L'opéra de Zurich présente une production élégante et efficace de l'oeuvre de Verdi I Masnadieri. Pourquoi cet opéra est-il si peu joué? La musique est en pourtant 100% verdienne, entraînante et touchante. Le livret provient de Schiller comme Don Carlos mis en musique vingt ans plus tard, il est donc romantiquement tragique à souhait. Andrea Maffei a tellement concentré le drame de Schiller Die Raüber (Les Brigands) que son livret est parfois comique à force de raccourcis saisissants, mais pas plus ridicule qu'un autre livret d'opéra verdien. Cette oeuvre séduit dès son ouverture, non pas pot-pourri pompier mais véritable concerto pour violoncelle - ce même violoncelle dont Verdi se souviendra pour accompagner Philippe II dans Don Carlos.

I Masnadieri est ce soir défendu par de superbes interprètes masculins. Thomas Hampson est en grande forme vocale. Son incarnation du mal absolu est pleine de petites trouvailles traduisant la vanité de manière parfaitement odieuse. Il trouve là un personnage à sa mesure qu'il réussit à approfondir et varier. Carlo Colombara est une basse somptueuse de bout en bout, Fabio Sartori un splendide ténor verdien. Pas totalement "propre" et manquant parfois de nuances dans son air très germanique sur la nature, son émission est par contre aussi engagée et lyrique qu'on peut le souhaiter pour ce répertoire. à la fin de l'oeuvre, le duo entre Carlo et Massimiliano est superbe, et du meilleur Verdi !

Benjamin Bernheim est en Arminio un très prometteur jeune ténor. Son excellent placement vocal lui permet de chanter sans effort. Son jeu traduit de manière subtile et convaincante l'ambiguité de son personnage. Enfin, Pavel Daniluk chante d'une belle voix de basse son court rôle de Moser, sorte de Commandeur de Don Giovanni ou de Charles V de Don Carlos.
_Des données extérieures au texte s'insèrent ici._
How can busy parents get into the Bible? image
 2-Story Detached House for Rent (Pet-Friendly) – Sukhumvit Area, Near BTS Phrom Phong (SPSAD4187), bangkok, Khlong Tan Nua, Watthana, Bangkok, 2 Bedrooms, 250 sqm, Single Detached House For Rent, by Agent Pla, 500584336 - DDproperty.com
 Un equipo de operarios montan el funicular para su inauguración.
Adam Fischer insuffle un souffle très verdien à l'orchestre de la Tonhalle. Par rapport à Don Giovanni, la fosse a retrouvé sa profondeur et quelques musiciens se retrouvent sous la scène. Il en résulte plus de rondeur et un meilleur équilibre avec le plateau. Le choeur des brigands est également excellent.
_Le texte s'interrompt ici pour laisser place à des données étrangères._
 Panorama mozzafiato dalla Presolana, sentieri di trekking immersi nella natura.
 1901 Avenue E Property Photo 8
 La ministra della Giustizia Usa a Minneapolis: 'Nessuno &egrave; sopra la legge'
Le décor est très efficace aux deux premiers actes. Le procédé du plateau tournant fonctionne toujours bien. Il est ici parfaitement adaptée à la dualité des univers fréquentés par Carlo : père noble et chaste fiancée ou brigands.
Le changement de décor à l'entracte est l'objet de ma seule réserve sur ce spectacle : pourquoi faire se dérouler les derniers actes en intérieur, dans les ruines calcinées du château, alors que celui-ci n'a pas brülé (ou alors symboliquement !) et que les lieux de l'action sont plus souvent extérieurs?

Isabelle Rey convainc progressivement. Un peu serrée et pas toujours juste au début, manquant d'aplomb dans sa première cabalette, elle sonne plus libre après l'entracte. Après les notes bizarrement graves de son duo avec Carlo, sa seconde cabalette est plus réussie.

À voir jusqu'au 2 janvier à l'Opéra de Zurich.